━━ DATA FOR THIS EXERCISE ━━

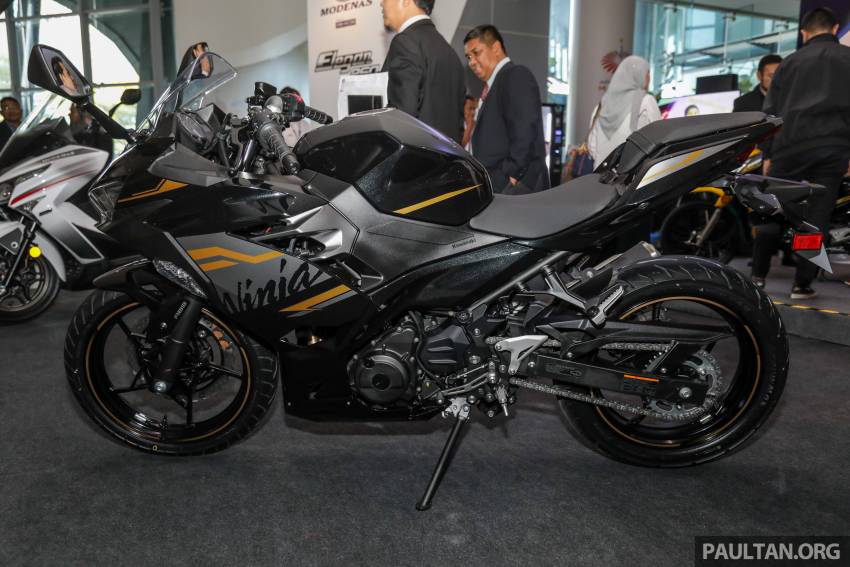 Kawasaki Malaysia takeover by Modenas with EMOS 1354589
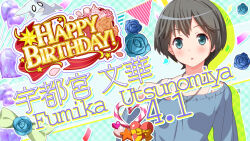  1girl :o aqua_flower aqua_rose bad_id balloon bilingual_text blue_eyes blue_flower blue_rose blue_shirt blush bow breasts character_name collarbone confetti english_text flower game_cg ghost green_bow grey_hair grin happy_birthday heart heart_balloon idol_wars jewelry looking_at_viewer mixed-language_text necklace official_art orange_flower orange_rose parted_lips plaid_background ribbon rose second-party_source shirt short_hair small_breasts smile solo star_(symbol) string_of_flags unworn_bow upper_body utsunomiya_fumika yellow_bow yellow_ribbon 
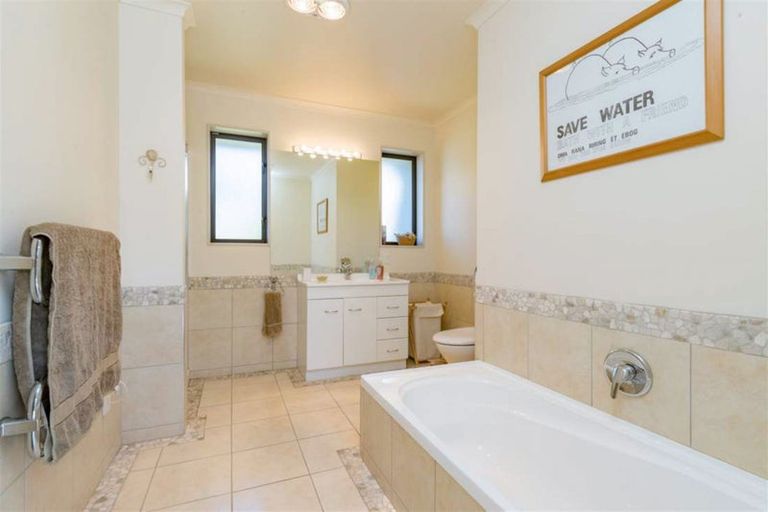 Photo of property in 350 Horokiwi Road, Horokiwi, Wellington, 5016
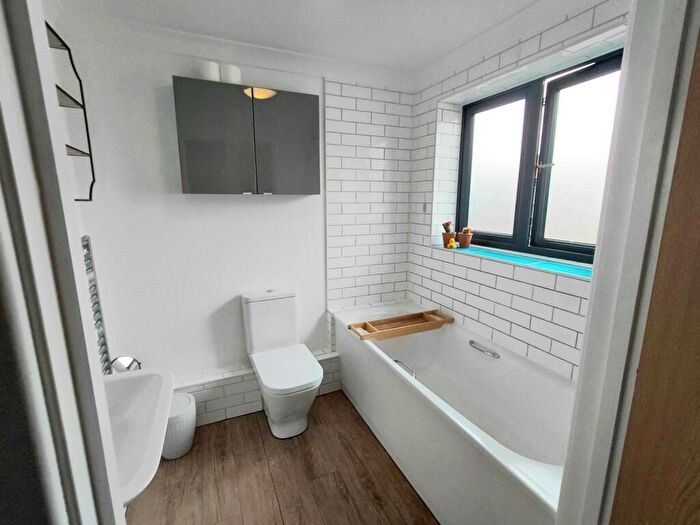 1 Bedroom Flat To Rent In Canal Walk, Southampton, Hampshire, SO14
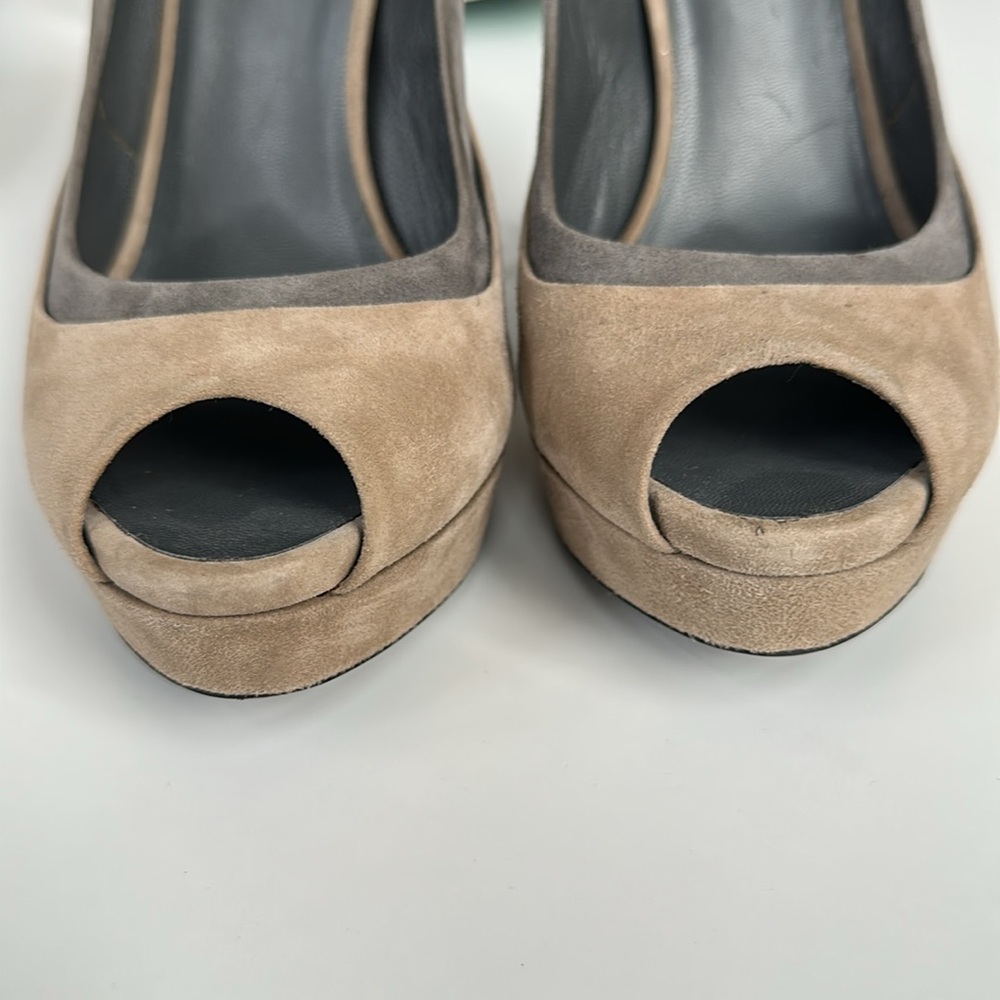 Gucci Color Block Suede Peep Toe Platform Heels NWOT - Picture 7 of 10
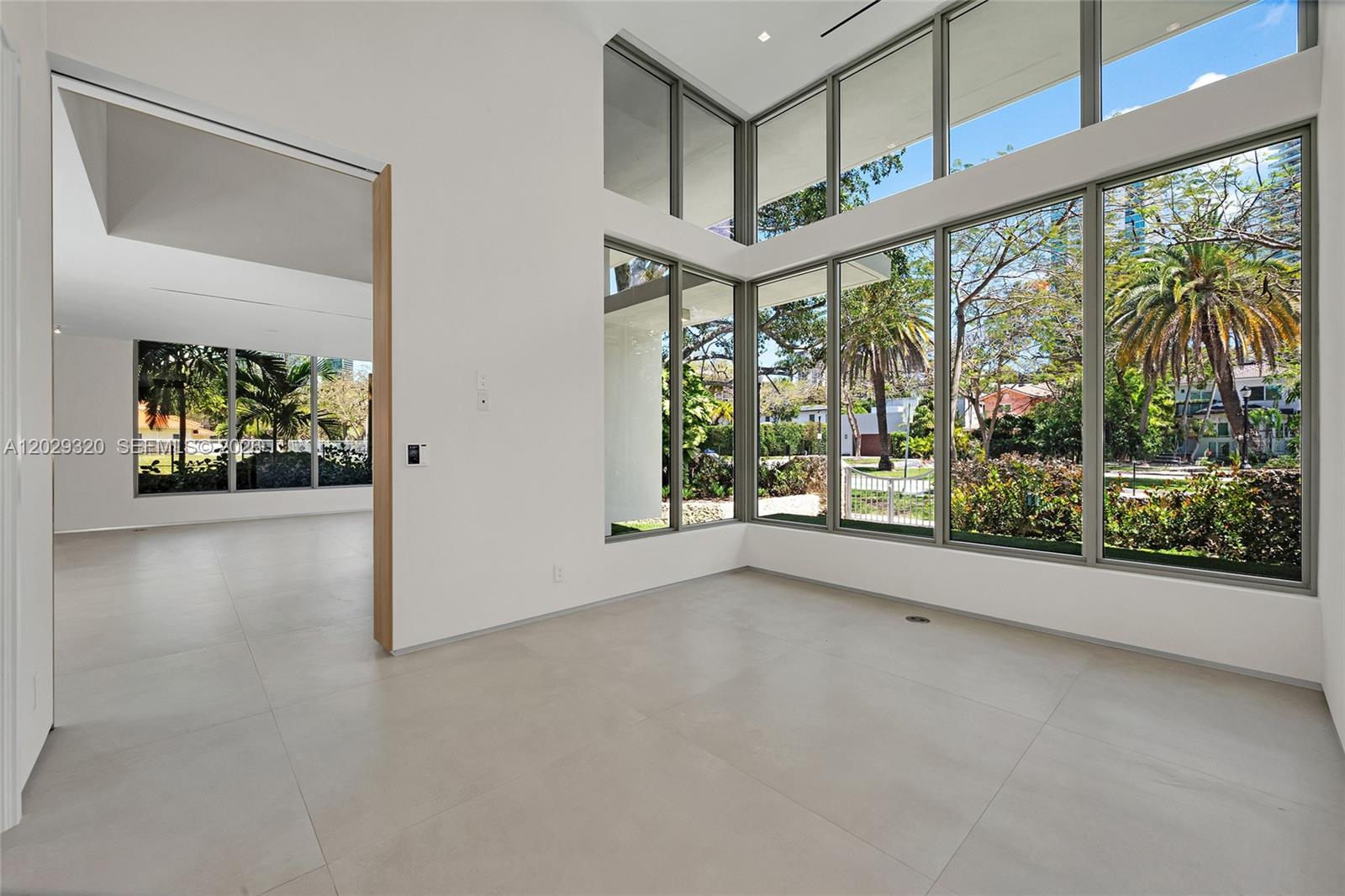 2100 S Miami Ave Miami, FL 33129
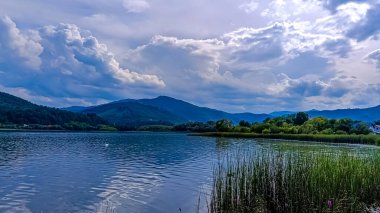 Göl ve dağlarla dolu güzel bir manzara.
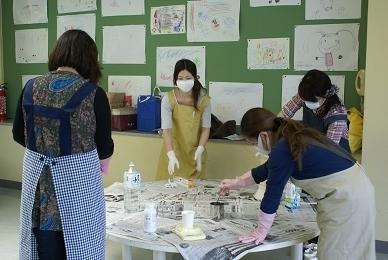平和幼稚園の写真8枚目：父母の会と協力し、環境教育にも取り組んでいます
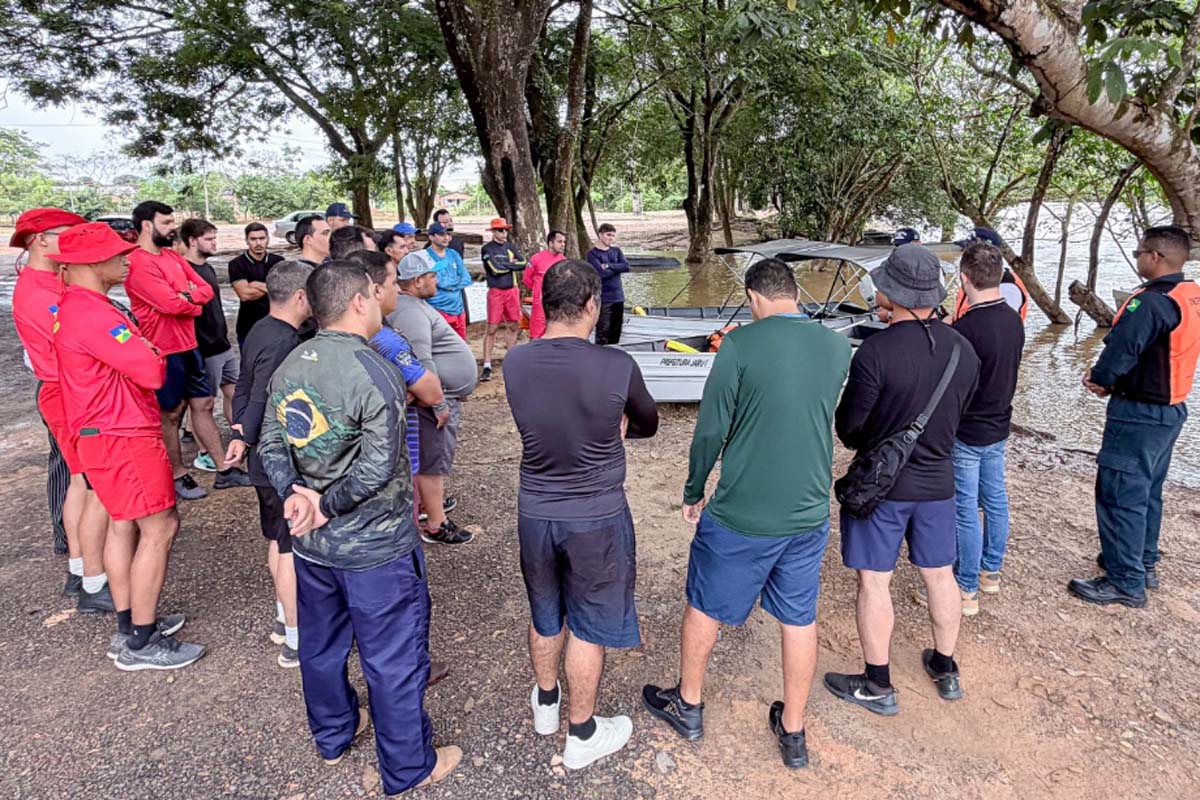 Servidores da Prefeitura de Jaru participam de capacitação para Tripulação de Embarcações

━━━

» **TO DO**:
Output each record above exactly as it stands, excluding all pictures.

» **OUTPUT OF THE TASK**:
 Kawasaki Malaysia takeover by Modenas with EMOS 1354589
  1girl :o aqua_flower aqua_rose bad_id balloon bilingual_text blue_eyes blue_flower blue_rose blue_shirt blush bow breasts character_name collarbone confetti english_text flower game_cg ghost green_bow grey_hair grin happy_birthday heart heart_balloon idol_wars jewelry looking_at_viewer mixed-language_text necklace official_art orange_flower orange_rose parted_lips plaid_background ribbon rose second-party_source shirt short_hair small_breasts smile solo star_(symbol) string_of_flags unworn_bow upper_body utsunomiya_fumika yellow_bow yellow_ribbon 
 Photo of property in 350 Horokiwi Road, Horokiwi, Wellington, 5016
 1 Bedroom Flat To Rent In Canal Walk, Southampton, Hampshire, SO14
 Gucci Color Block Suede Peep Toe Platform Heels NWOT - Picture 7 of 10
 2100 S Miami Ave Miami, FL 33129
 Göl ve dağlarla dolu güzel bir manzara.
平和幼稚園の写真8枚目：父母の会と協力し、環境教育にも取り組んでいます
 Servidores da Prefeitura de Jaru participam de capacitação para Tripulação de Embarcações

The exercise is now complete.